_RECORDS FOR THE TASK_.

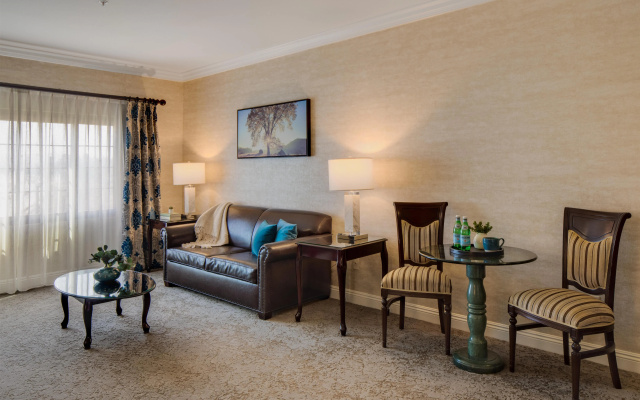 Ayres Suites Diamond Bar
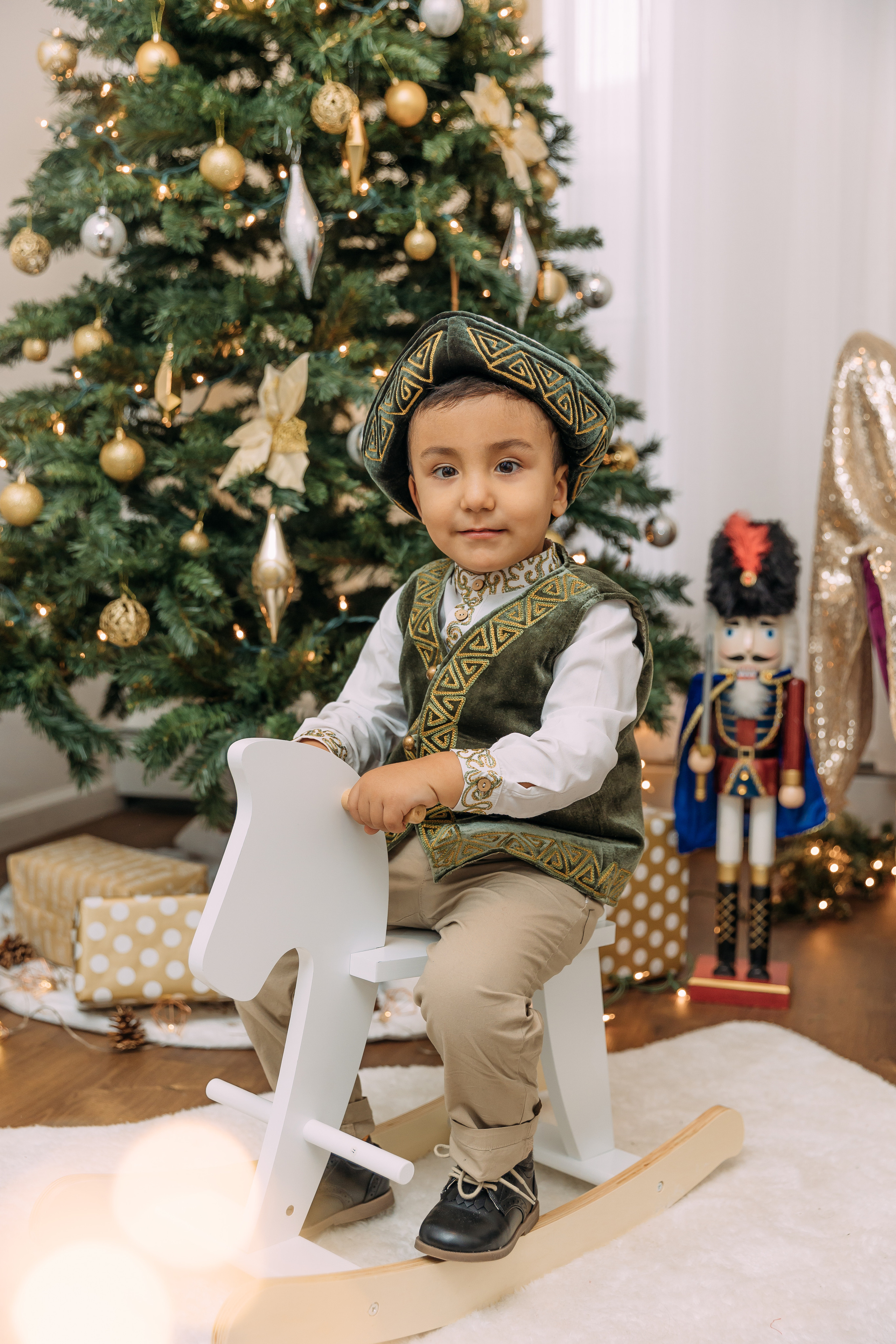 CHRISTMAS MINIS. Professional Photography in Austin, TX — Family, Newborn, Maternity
==
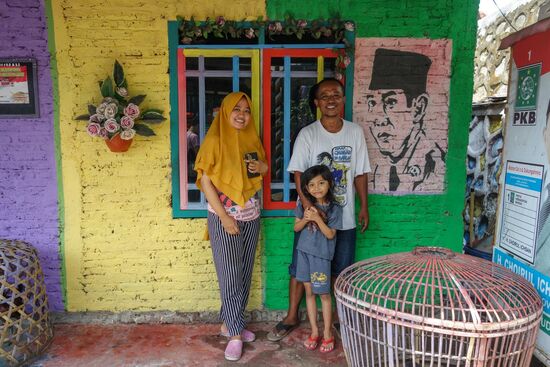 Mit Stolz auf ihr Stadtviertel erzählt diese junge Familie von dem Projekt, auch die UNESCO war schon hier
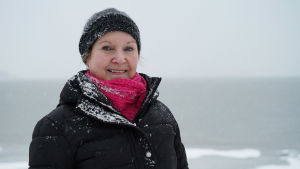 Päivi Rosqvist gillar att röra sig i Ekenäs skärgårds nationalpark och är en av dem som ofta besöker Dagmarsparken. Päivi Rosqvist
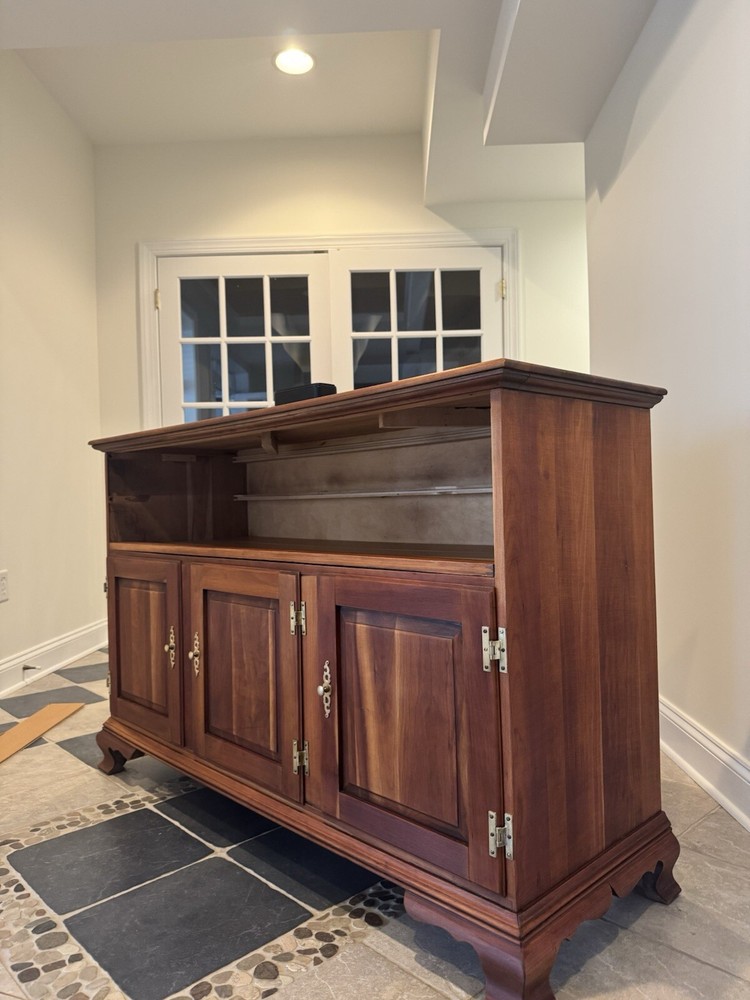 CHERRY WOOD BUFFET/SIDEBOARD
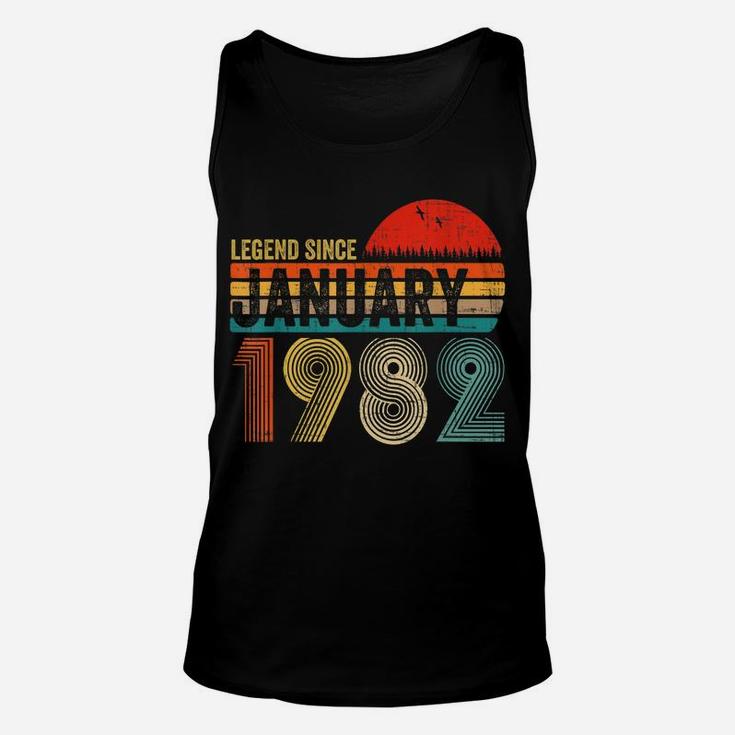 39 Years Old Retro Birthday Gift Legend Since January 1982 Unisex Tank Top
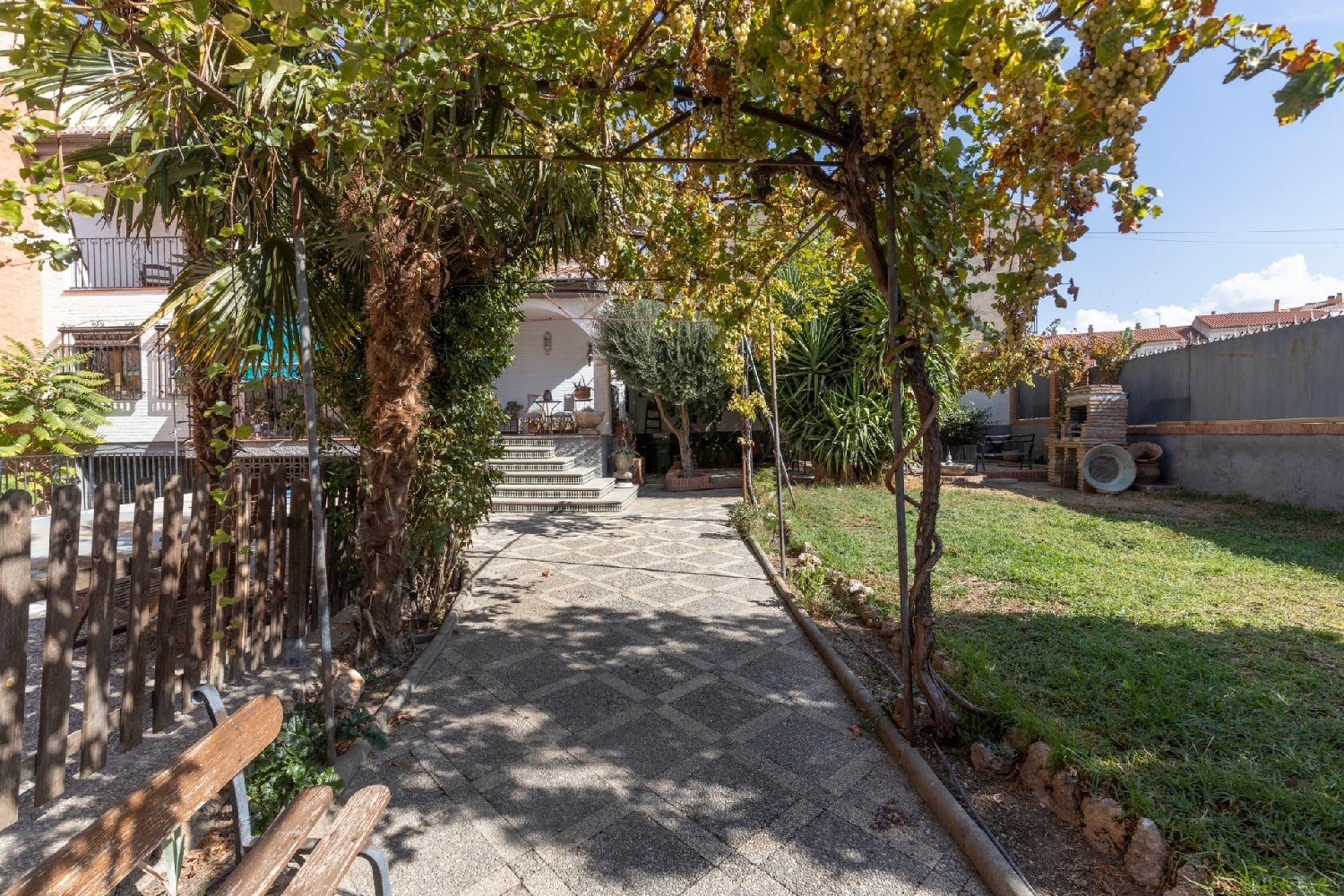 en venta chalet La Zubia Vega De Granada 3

_WHAT IS EXPECTED_. Working from the records above, set down word for word everything from the line containing "Ayres Suites Diamond Bar" down to the line containing "CHRISTMAS MINIS. Professional", ends included, minus the pictures.

_TASK ANSWER_.
 Ayres Suites Diamond Bar
 CHRISTMAS MINIS. Professional Photography in Austin, TX — Family, Newborn, Maternity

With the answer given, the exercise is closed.